## DATA FOR THIS EXERCISE
++++++++

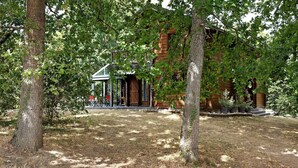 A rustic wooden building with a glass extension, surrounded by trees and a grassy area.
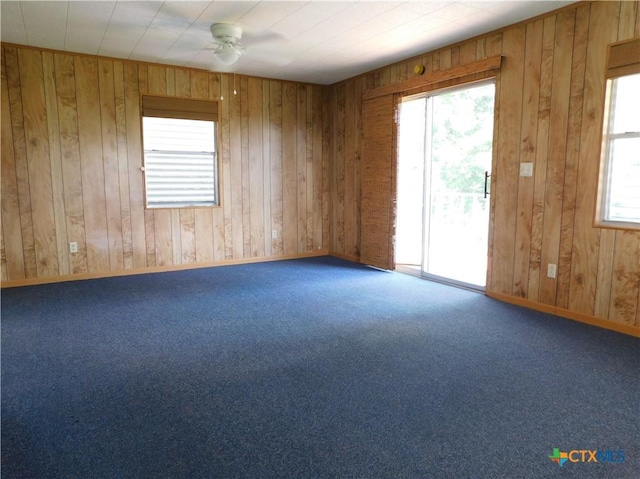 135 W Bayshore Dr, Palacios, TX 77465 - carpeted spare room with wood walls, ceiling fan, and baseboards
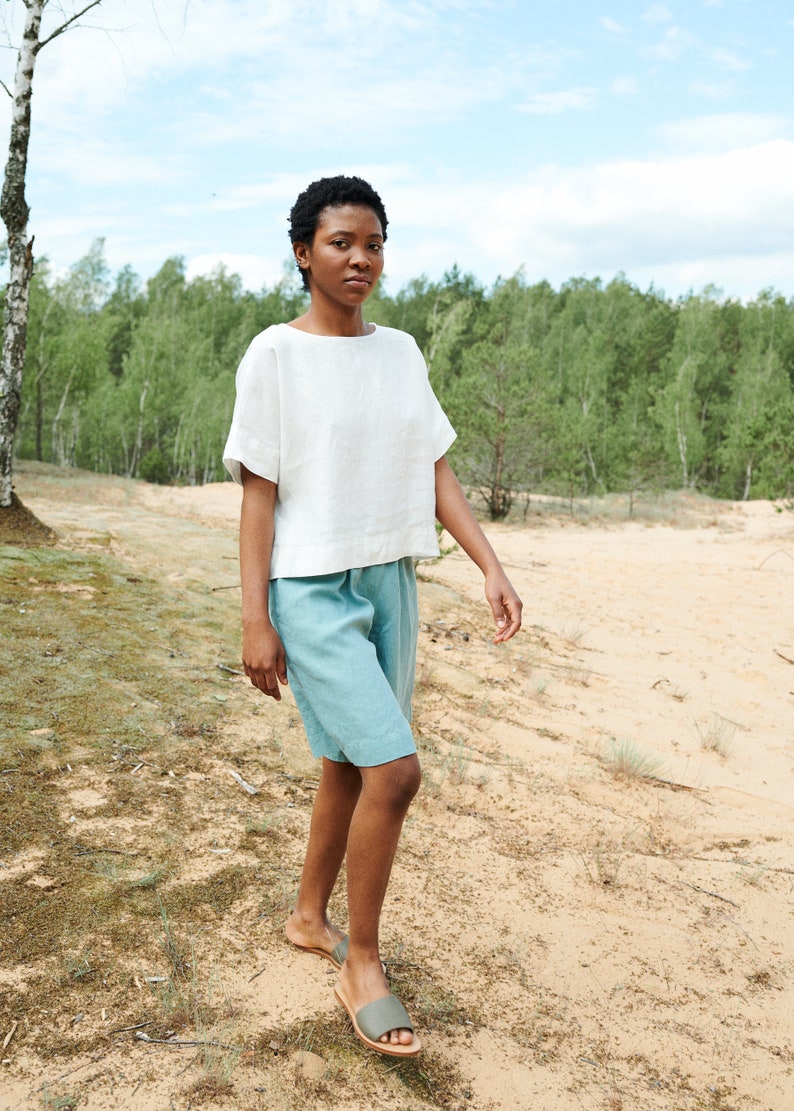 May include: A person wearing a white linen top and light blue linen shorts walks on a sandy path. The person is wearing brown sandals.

++++++++

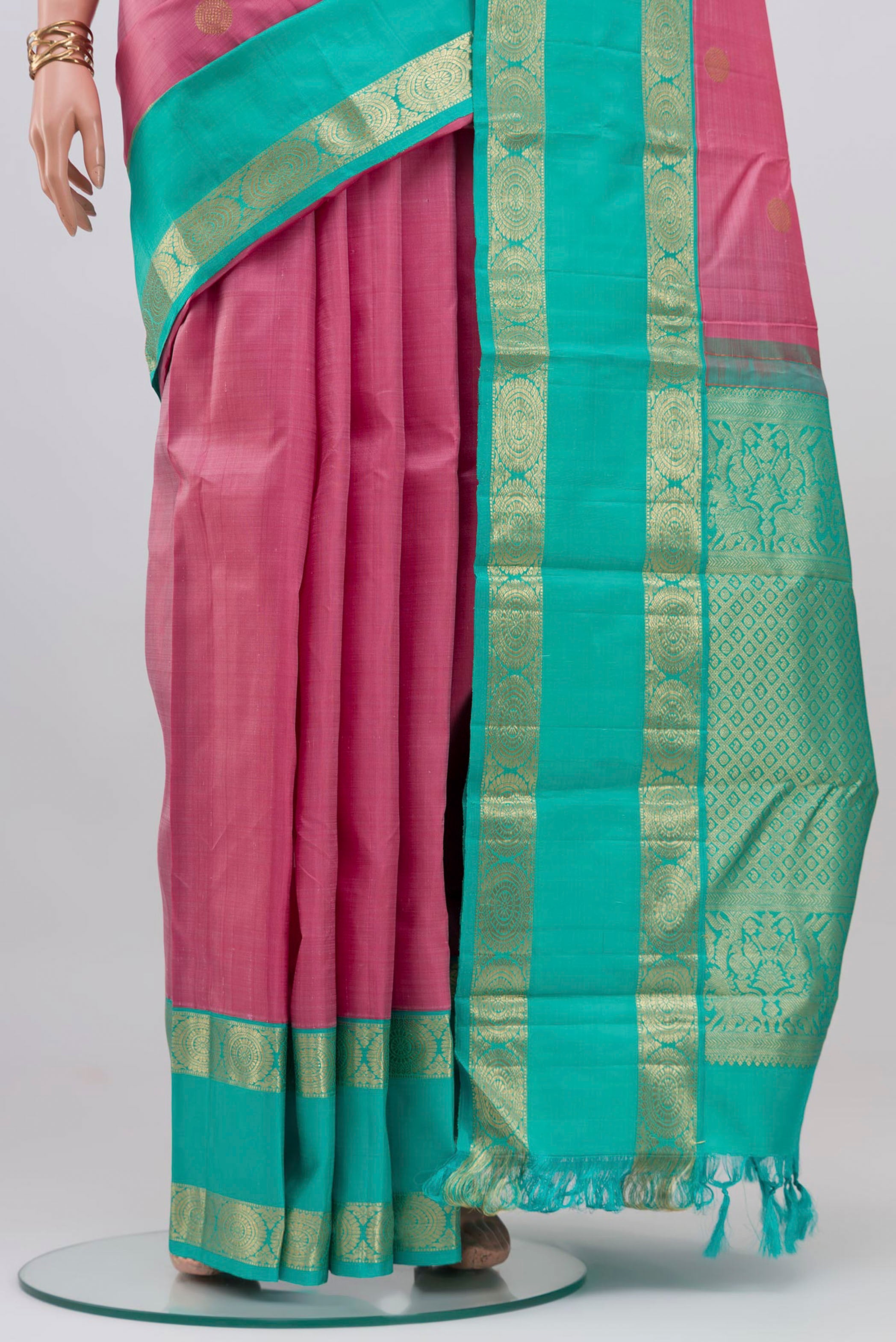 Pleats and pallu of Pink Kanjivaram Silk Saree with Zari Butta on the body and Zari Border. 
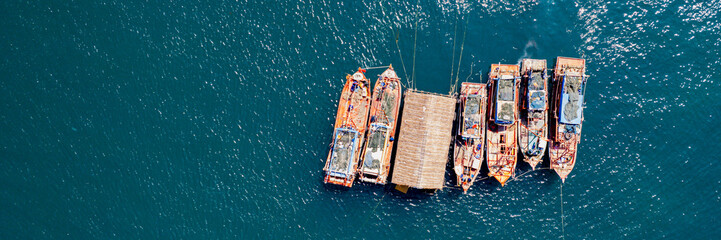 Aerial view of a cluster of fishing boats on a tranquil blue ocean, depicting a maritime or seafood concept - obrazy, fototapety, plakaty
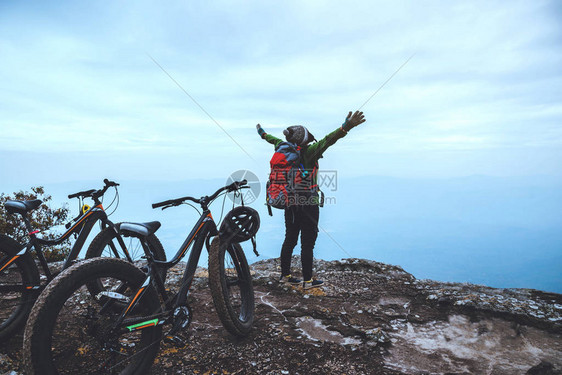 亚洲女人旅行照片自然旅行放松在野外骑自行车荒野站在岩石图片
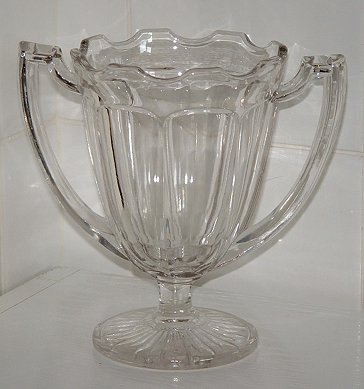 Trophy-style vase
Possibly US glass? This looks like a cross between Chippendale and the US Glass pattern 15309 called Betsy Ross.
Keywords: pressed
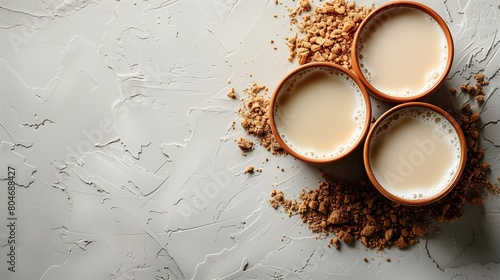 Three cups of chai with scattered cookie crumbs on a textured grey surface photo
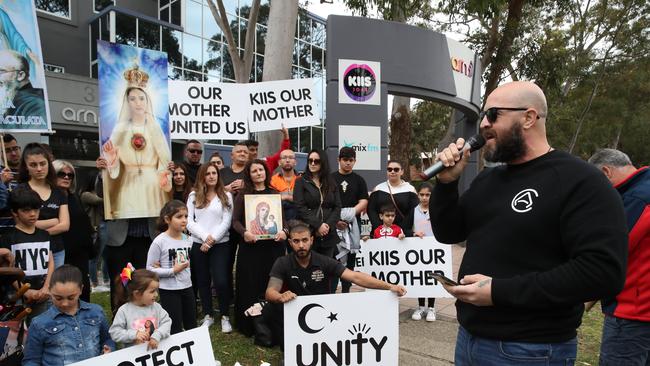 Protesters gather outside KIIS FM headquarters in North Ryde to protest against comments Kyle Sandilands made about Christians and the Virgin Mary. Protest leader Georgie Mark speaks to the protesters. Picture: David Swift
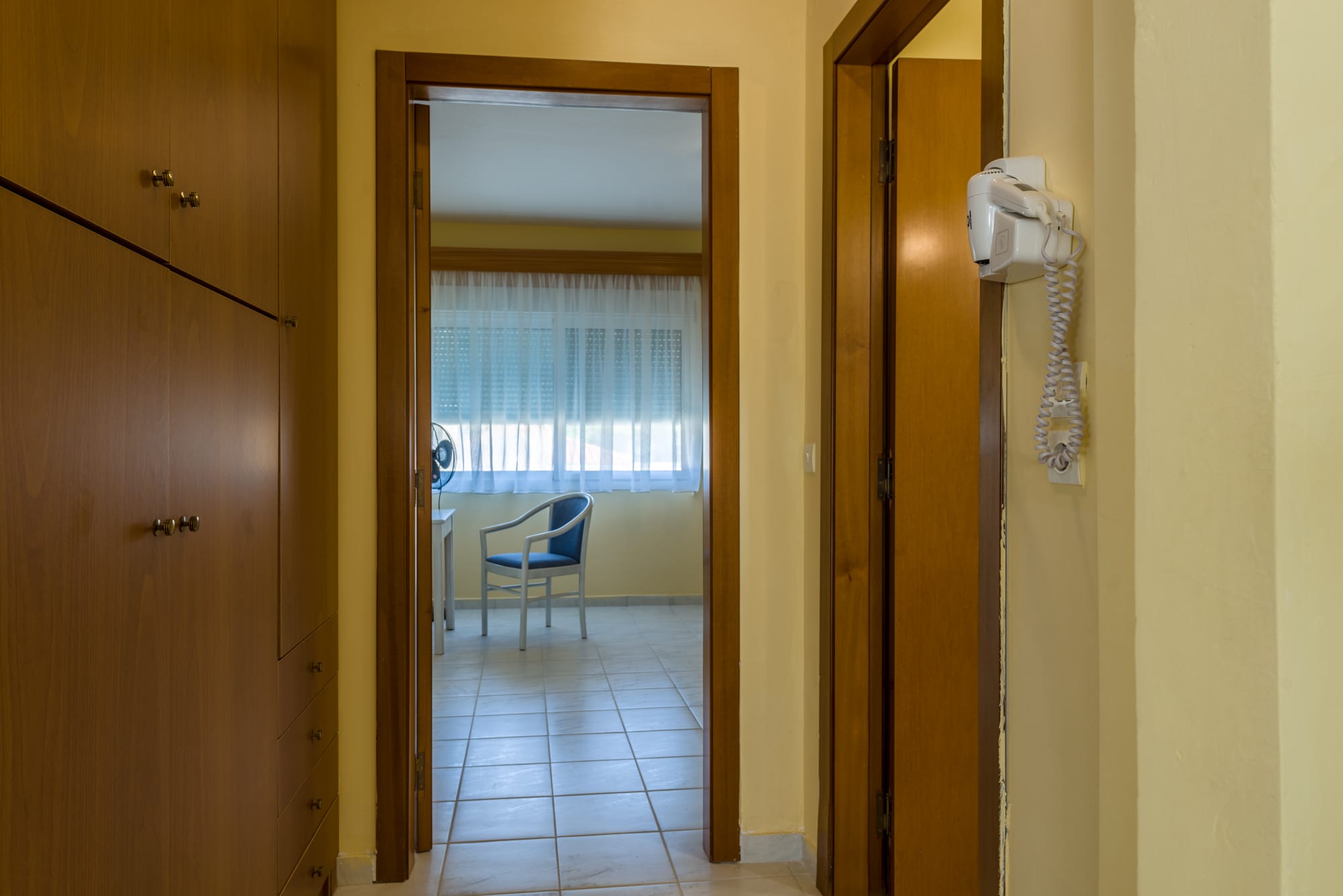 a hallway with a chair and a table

++++++++

## YOUR OBJECTIVE
Taking the material above, give again exactly the lines from the one holding "Three cups of" through the one holding "a hallway with a chair and a table", with both ends and without pictures.

## SOLUTION TO THE PROBLEM
 Three cups of chai with scattered cookie crumbs on a textured grey surface photo
 Protesters gather outside KIIS FM headquarters in North Ryde to protest against comments Kyle Sandilands made about Christians and the Virgin Mary. Protest leader Georgie Mark speaks to the protesters. Picture: David Swift
 a hallway with a chair and a table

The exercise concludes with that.